Roberta Vinci faces no major obstacles before the third round, where I expect her to meet on-form Hobart finalist Elena Vesnina. Vinci has more big-match experience, and has the ability to break up Vesnina’s rhythm with her heavy spin and volleying ability, but will need to be on the top of her game to beat her. Other possible third-round opponents include Varvara Lepchenko, who hasn’t played well so far this season, and Polona Hercog, a skilled but inconsistent player who withdrew from Auckland and will be playing her first match of the season.
Predicted fourth round: Azarenka d. Vinci
Third most likely to reach the fourth round: Vesnina
Sara Errani shouldn’t have too much trouble in the first round against Carla Suarez Navarro, who is a tough counterpuncher and plays with a style similar to Errani’s, but not as well. Christina McHale is a potential threat in the second round, but her game was derailed by mononucleosis last summer, and she hasn’t won a match since Montreal. However, if a resurgent Svetlana Kuznetsova can keep her errors down and her head in the match, she has a good chance to upset the 7th seed in the third round. Hsieh Su-Wei is another potential third-round opponent, but she withdrew from doubles in Shenzhen with a forearm injury that also appeared to interfere with her singles game there.
Caroline Wozniacki faces Sabine Lisicki in one of the tournament’s most anticipated first-round matches. Lisicki leads the head-to-head 2-1 and won the two most recent matches, but a lot has changed for both players since they last played in the final of Charleston in 2009 (Lisicki’s first WTA title). Lisicki has the power to dictate most of the points, but also plays a risky, low-margin game. Wozniacki’s defensive ability might just give her too many opportunities to miss.
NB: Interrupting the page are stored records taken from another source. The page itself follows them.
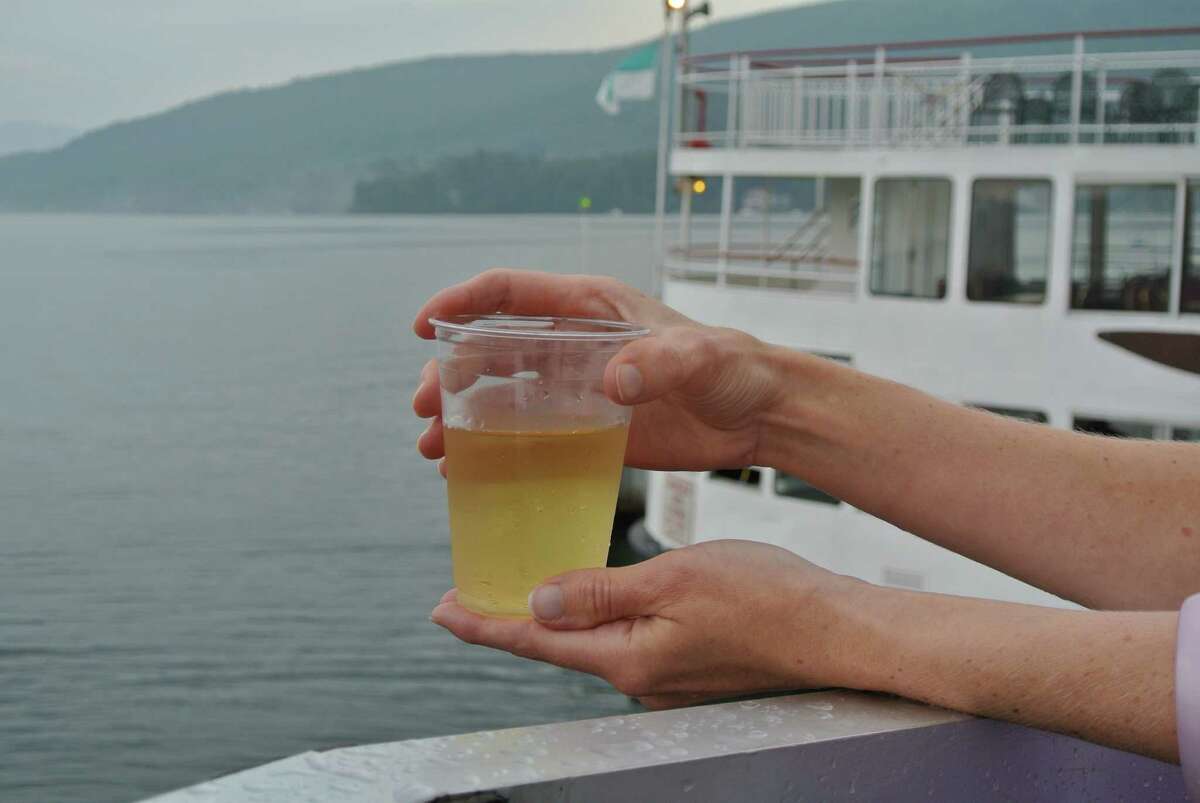 Mohican Pinot Grigio from Adirondack Winery, an award-winning, lemony, semi-dry white wine made in Lake George ($7 a glass). Available at: Any of the Lake George Steamboats, including the Minne Ha Ha antique paddle boat. (Deanna Fox)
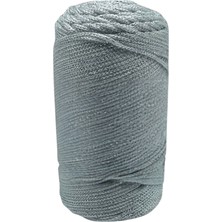 Popüler Sepet Makrome Ipi 3 mm Polyester Gri Simli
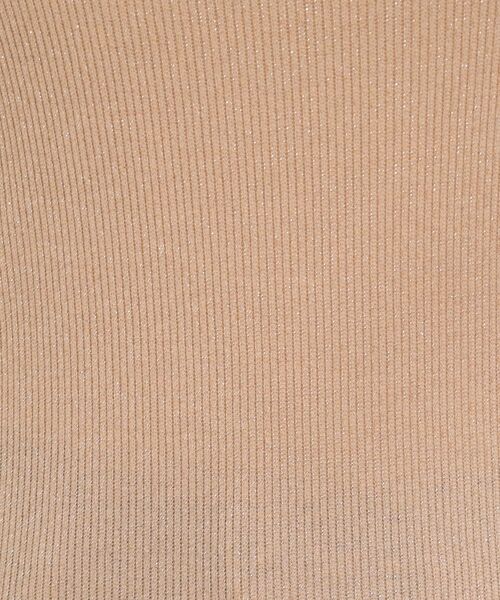 SHOO・LA・RUE / シューラルー キャミソール・チューブトップ | 【S-LL】デコルテラインをきれいに魅せる ラメテレコタンクトップ | 詳細16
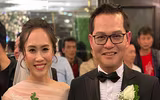 NSND Trung Hiếu hạnh phúc bên cô dâu 9X trong lễ cưới ở Thái Bình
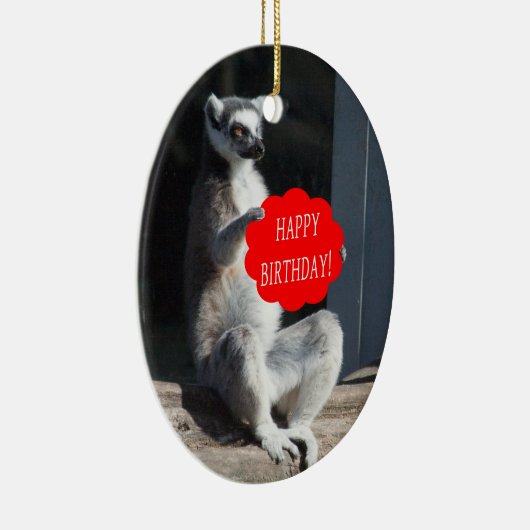 Happy Birthday Katta Keramisch Ornament (Rechts)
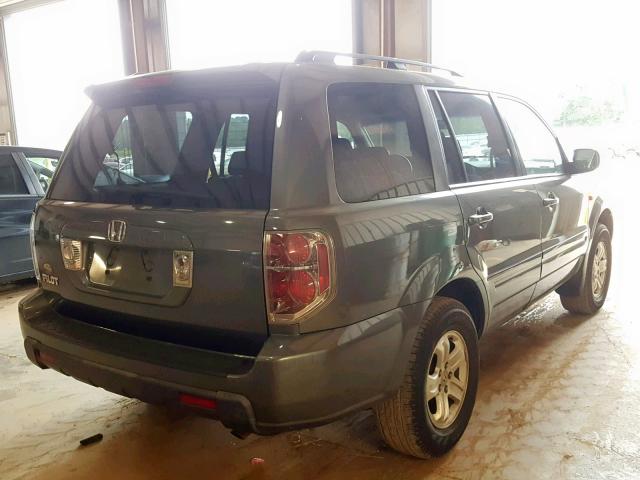 5FNYF28238B021408 - 2008 HONDA PILOT VP GRAY photo 4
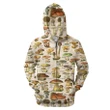 3D All Over Print Champignons Hoodie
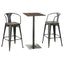 Staccato - 3 Piece Square Bar Table Set - Dark Brown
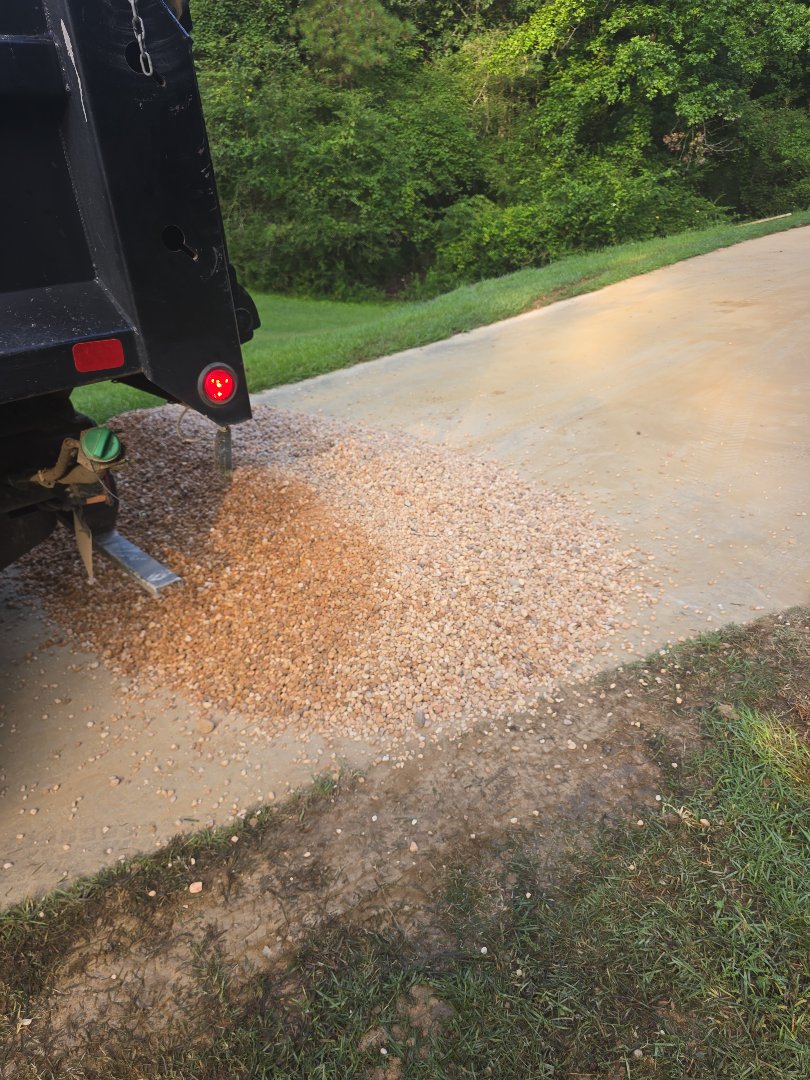 Pea Gravel Delivery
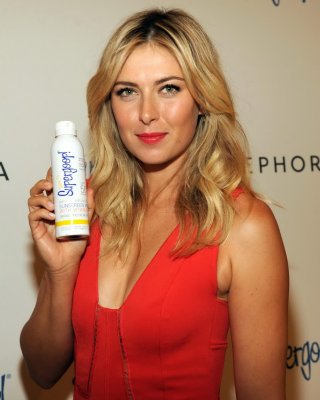 Maria Sharapova In A Sexy Red Dress Promoting Supergoop At Sephora 5th Ave In NY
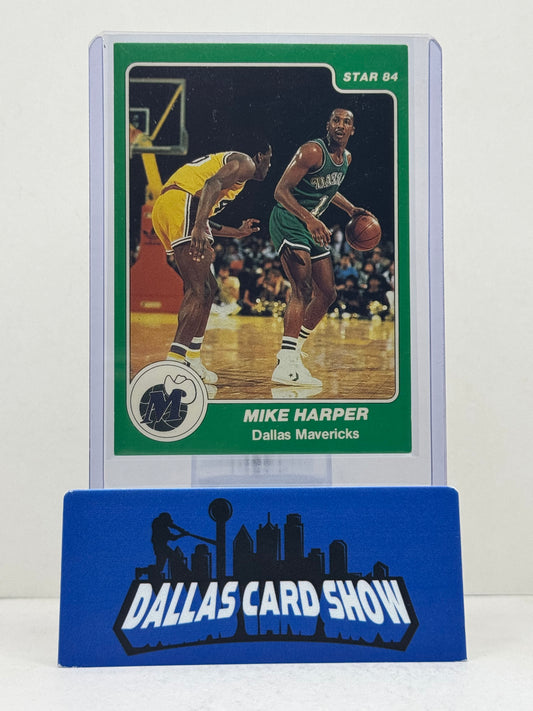 1984 Star Derek "Mike" Harper #6 Basketball Card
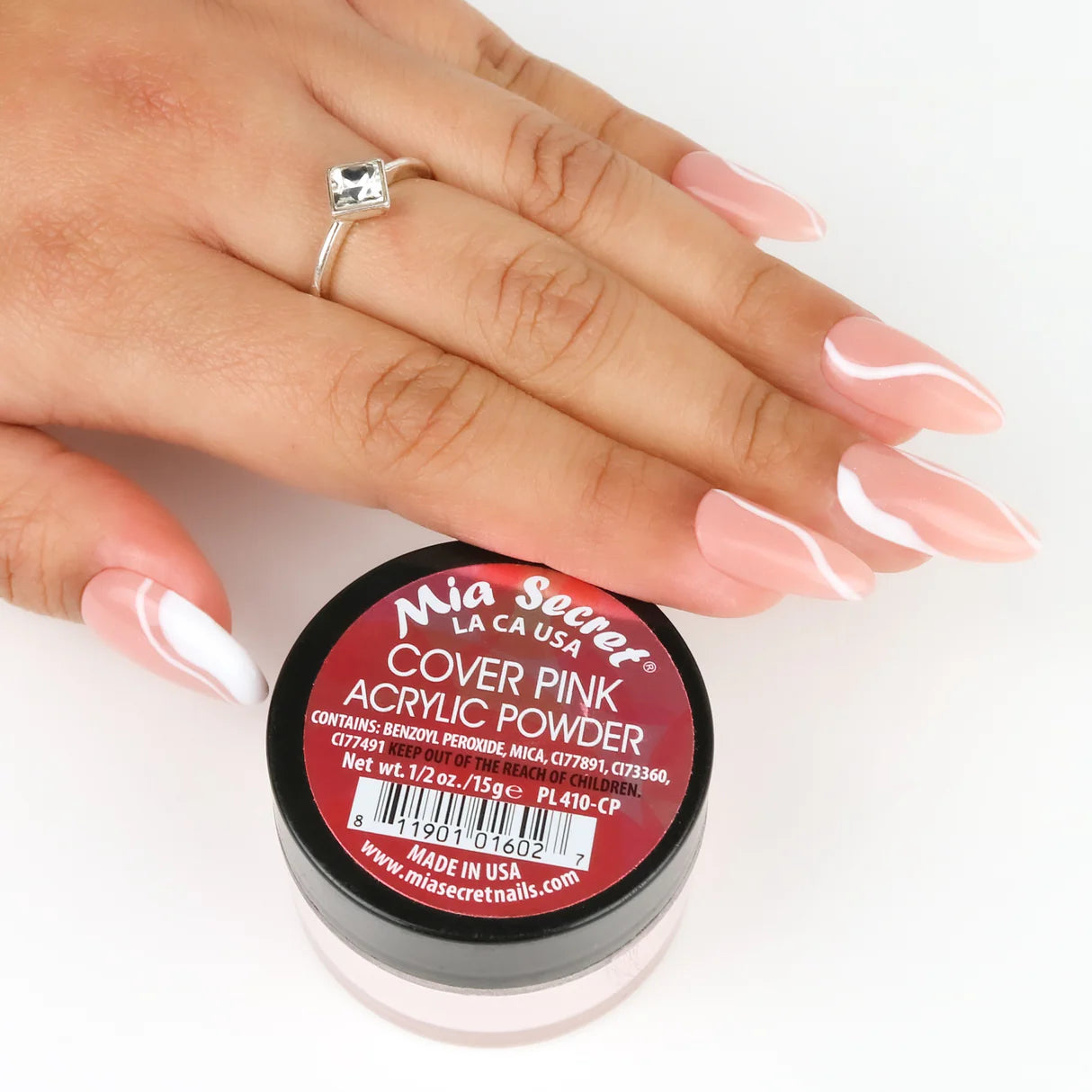 Mia Secret Cover Pink Acrylic Powder 4oz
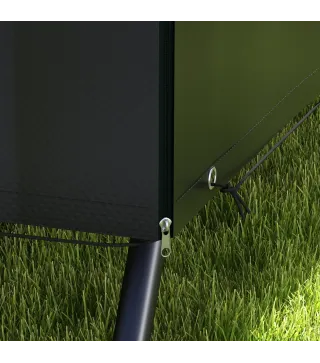 Funda Protectora Impermeable para Balancín de Jardín 3 Plazas con Cremallera Antipolvo y Antiviento 215x155x150 cm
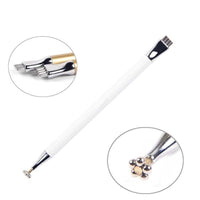 HKM-576595 Metal Flower Magnetic Nail Art Pen for Cat Eye Effects - Dual Use Design, 14.2cm
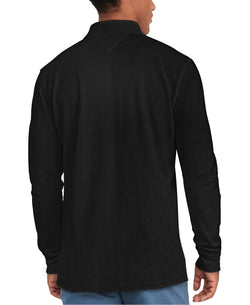 Tommy Hilfiger Big & Tall Kent Long Sleeve Polo Jet Black thumbnail 2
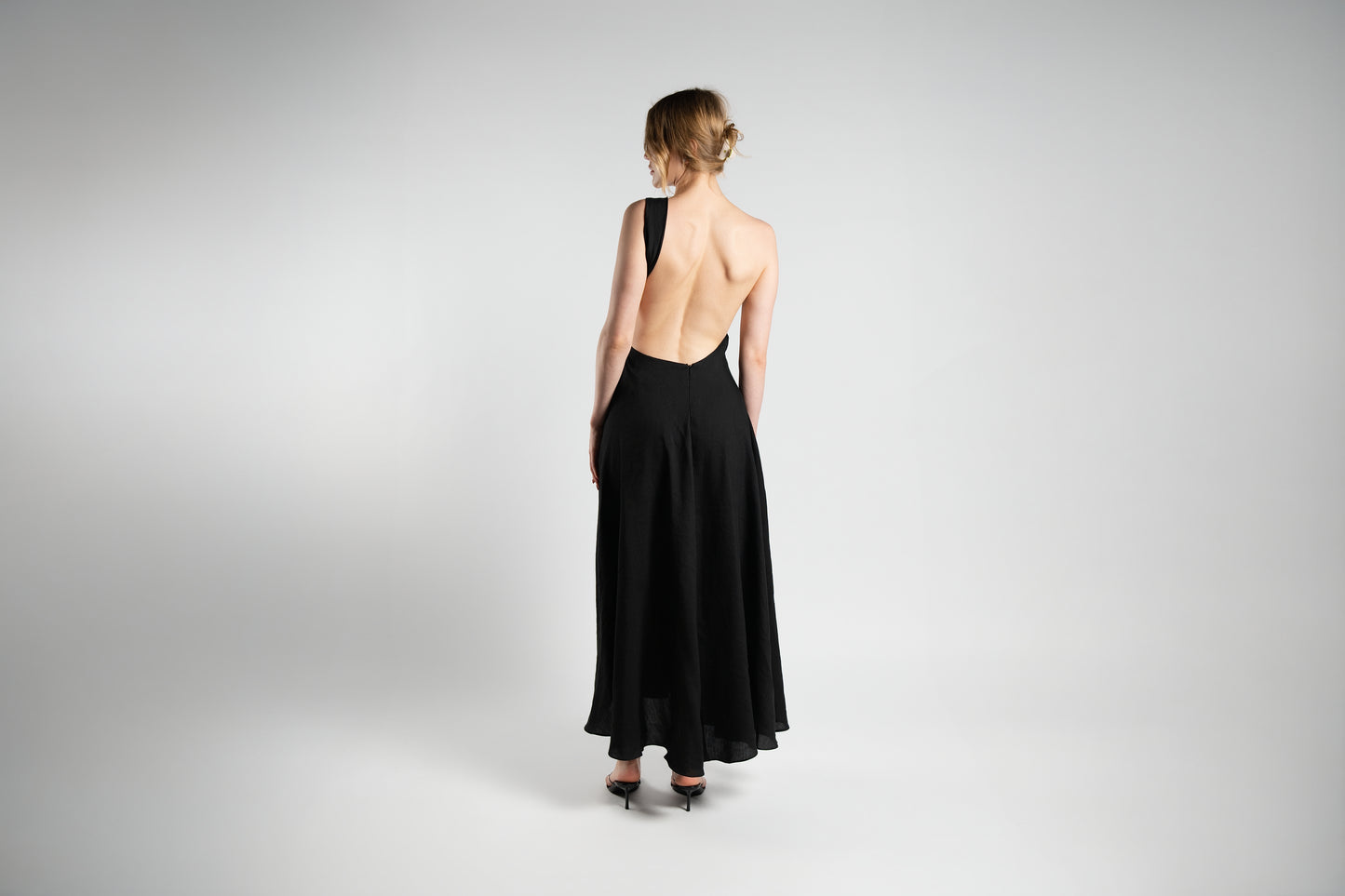 Black Linen Dress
The winner of that match will face Andrea Hlavackova or 16-year-old Donna Vekic, both players who had outstanding breakout performances a few months ago, but lackluster results since. Anastasia Pavlyuchenkova, who has played very well so far this year, is a much greater threat in the third round, assuming she plays consistently enough to overpower Lauren Davis, her potential second-round opponent. The 19-year-old Davis showed her defensive ability and extensive repertoire this week in Hobart, where she battled Sloane Stephens deep into a third set.
Predicted fourth round: Pavlyuchenkova d. Kuznetsova
Third most likely to reach the fourth round: Wozniacki
Not to be counted out: Lisicki, Errani
Serena Williams should have an easy first round against Edina Gallovits-Hall. Garbiñe Muguruza has the power to test Williams in the second round if she plays the way she did to reach the fourth round in Miami, but her recent form has been poor. The gutsy and powerful Yaroslava Shvedova is a greater threat in the third round—she took Serena deep into a third set at Wimbledon last year, and tends to play best in big events. On the other hand, Shvedova faces tough tests herself, from 18-year-old Annika Beck in the first round and Ayumi Morita in the second. Both are high-quality counterpunchers who have been playing well.
With her strong all-court game, Maria Kirilenko should have little trouble beating Vania King in the first round, as King’s recent form has been poor. Peng Shuai is a more powerful and formidable opponent in the second round, but her recent results are also unconvincing. Likely third-round opponent Yanina Wickmayer played well to reach the final in Auckland, but had a letdown losing to Galina Voskoboeva in the first round of Sydney this week. Wickmayer also faces a significant challenge in her first round against a resurgent and dangerous, but still inconsistent, Jarmila Gajdosova.
Predicted fourth round: S. Williams d. Kirilenko
Third most likely to reach the fourth round: Wickmayer
Not to be counted out: Shvedova
The first round match between Petra Kvitova and Francesca Schiavone will be interesting, not because they are both playing near the level that made them slam champions, but because neither of them is, and the stakes are high for both of them. Kvitova has bigger weapons and the hard courts suit her game, so she should win. But Schiavone has arguably played better than Kvitova in Australia this year, despite her close first-round loss to Kirsten Flipkens in Hobart. Whoever wins will likely face another tough test in the second round from Laura Robson, who upset two slam champions, Li Na and Kim Clijsters, in the last hardcourt slam tournament, the US Open. And the winner of that match will most likely face another powerhouse young player, Sloane Stephens.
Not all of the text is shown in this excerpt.